According to a report by the AAA Foundation for Traffic Safety, lane departure warning and onboard, video-based systems; air disc brakes; and automatic emergency braking are the safety devices that can most effectively prevent truck-related crashes. Drivers in New Jersey and elsewhere in the U.S. tend to be wary of sharing the road with trucks and are naturally eager to see these measures put into use by trucking companies.
Onboard safety monitoring could prevent 63,000 crashes, and lane departure warning systems may be able to stop 6,372 accidents. Emergency braking could cause 5,294 fewer crashes, and air disc brakes may halt 2,411 collisions. Case studies have shown that 44 to 86 percent of safety-critical events could be prevented. On average, 500 deaths also could be avoided.
To come up with their estimates, the study authors relied on evidence from other published studies, crash data between the years 2010 and 2015 and recommendations from an advisory panel. This panel was composed of six individuals representing various industries, including an insurance company, a safety technology vendor and the National Highway Traffic Safety Administration.
After reviewing the prices given by the technology vendor, researchers were confident that the safety benefits far outweigh the cost of implementing these devices. However, only larger trucking companies may implement all of them as the smaller operators will not be able to afford them.
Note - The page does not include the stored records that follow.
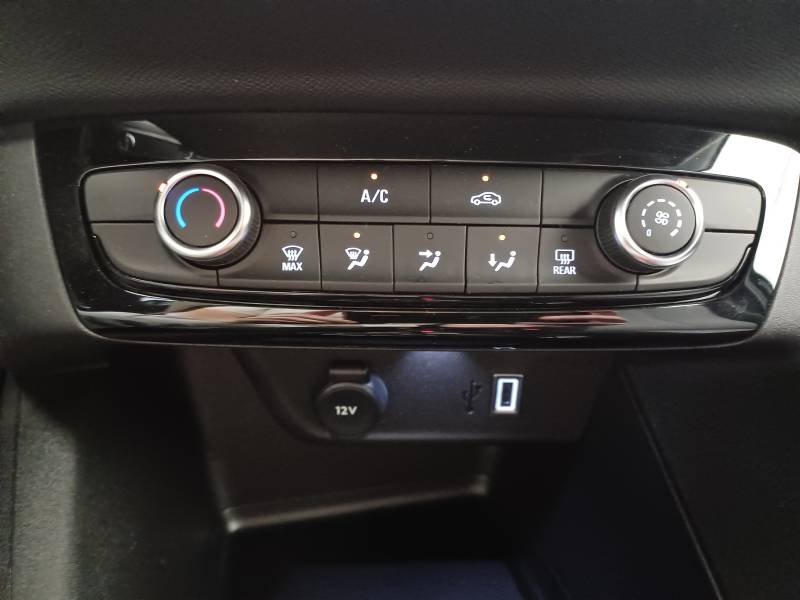 Opel Corsa - Photo 27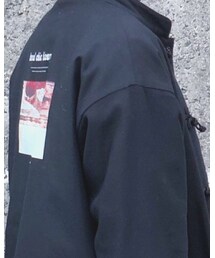 banal chic bizarre | その他アウター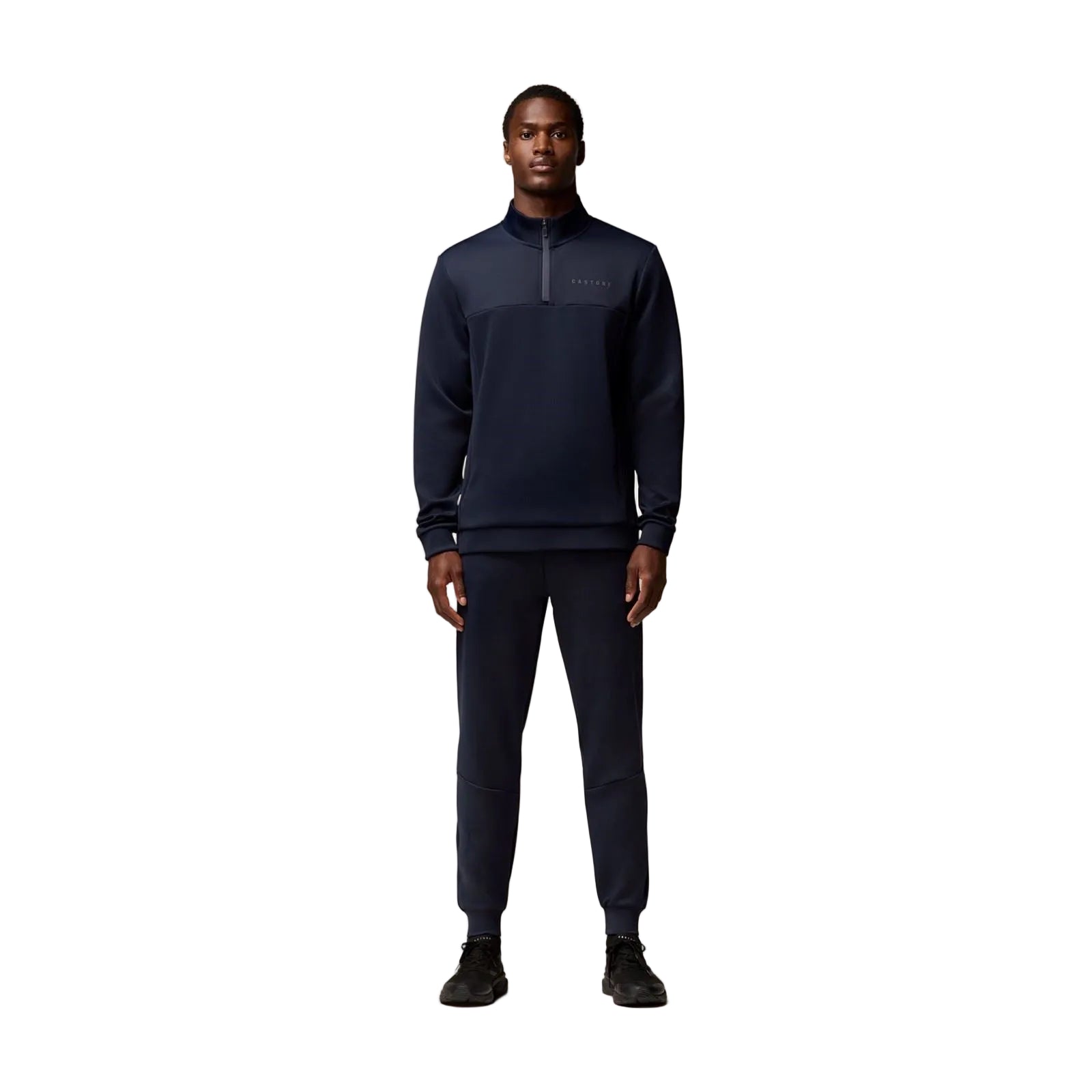 Castore Scuba Joggers Polyester Men's Blue Joggers
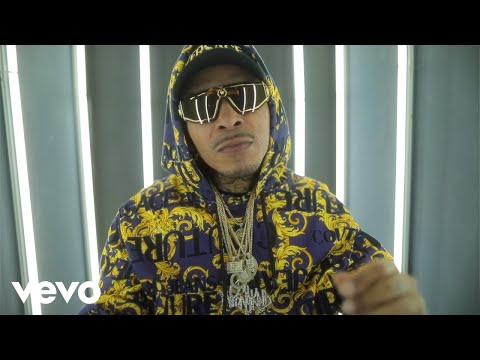 Half Ounce - Bussdown (Official Video) ft. VFMadeTheHit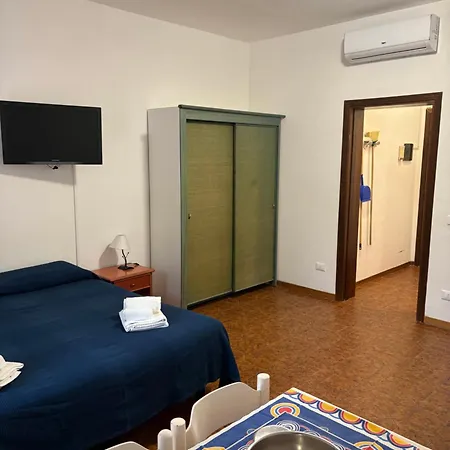 Casavacanze Zeus Apartment *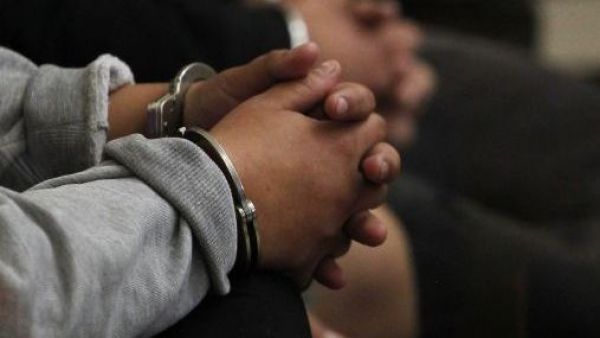 Confesó el crimen en subcomisaría: decretan prisión preventiva por parricidio
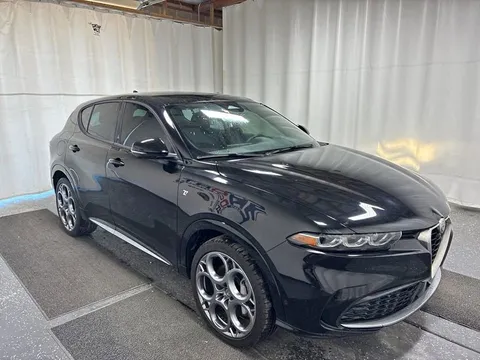 2024 Alfa Romeo Tonale TI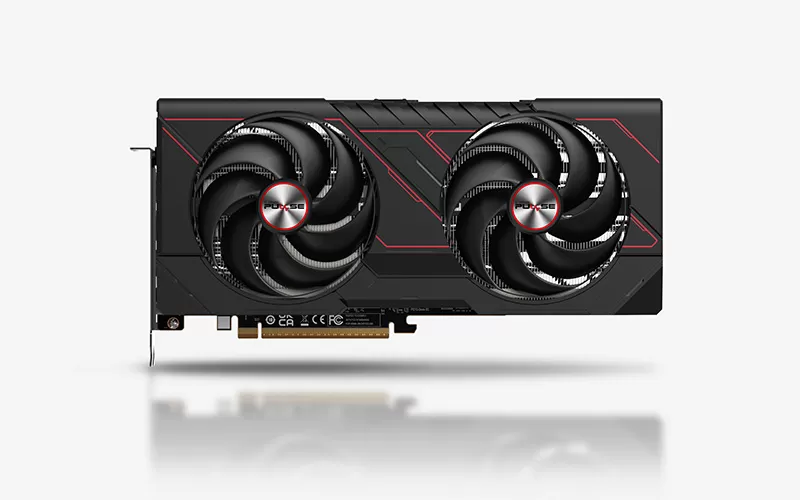 Placa Video Sapphire PULSE AMD Radeon RX 9070 GRE OC 12GB GDDR6 192 biti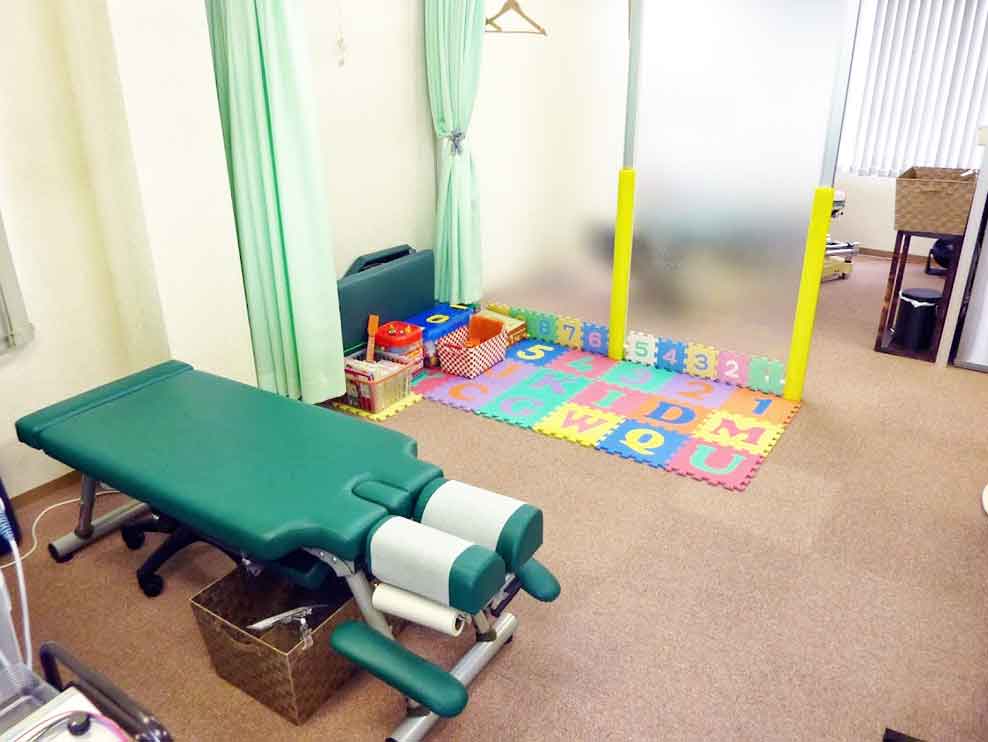 ぽんて鍼灸整骨院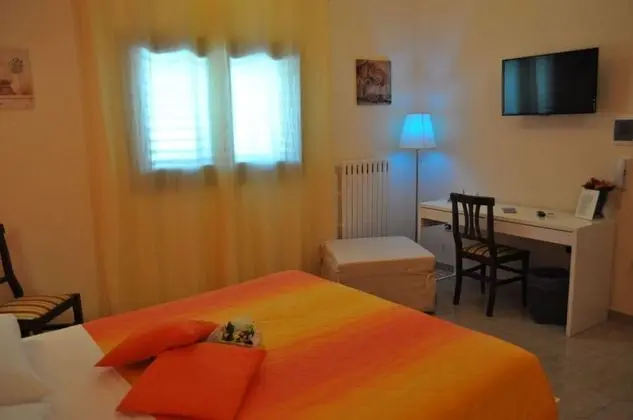 Comfort Daire, 1 Yatak Odası, Özel Banyo, Bahçe Manzaralı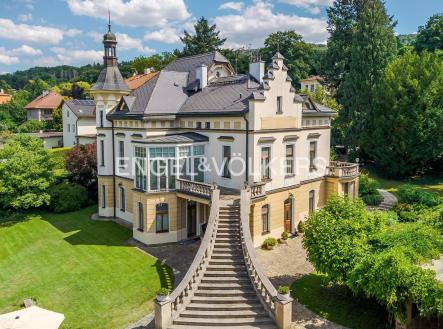 Prodej domu/vily, 581 m²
Even with all these safety measures in place, there is still the risk of poor driver performance causing an accident. If a fatigued or intoxicated trucker injures another driver, the victim may have the grounds to file an injury claim. He or she can speak with a lawyer, who will likely assess the claim, determine if the victim contributed to the accident and estimate a settlement. Before negotiating with the trucking company’s legal representation, an attorney could hire investigators to build up the case.